▸ Problem requirements: Write out, from the entries below, exactly the lines that run between the lines holding "Gordon Elliott walking" and "ボリュームラッシュ⭐️60本", inclusive, and stop there.

▸ Source information:
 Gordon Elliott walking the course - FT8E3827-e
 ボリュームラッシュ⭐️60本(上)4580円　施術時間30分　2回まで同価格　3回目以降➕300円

* * *

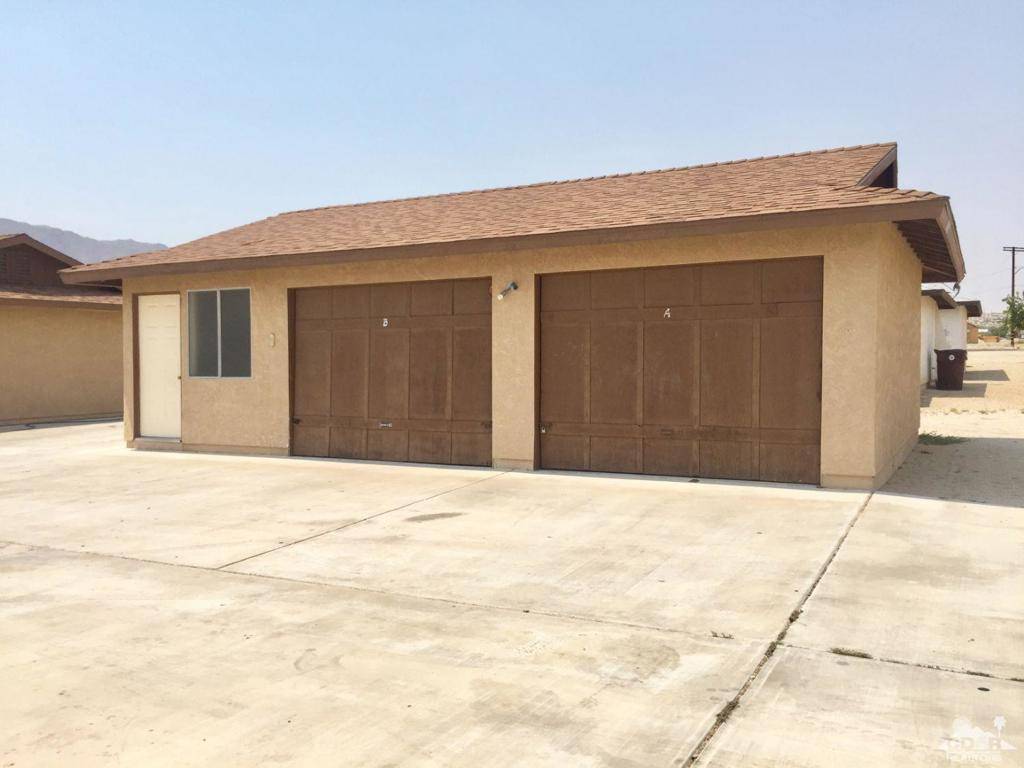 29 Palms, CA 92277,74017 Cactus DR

▸ Output below:
 Gordon Elliott walking the course - FT8E3827-e
 ボリュームラッシュ⭐️60本(上)4580円　施術時間30分　2回まで同価格　3回目以降➕300円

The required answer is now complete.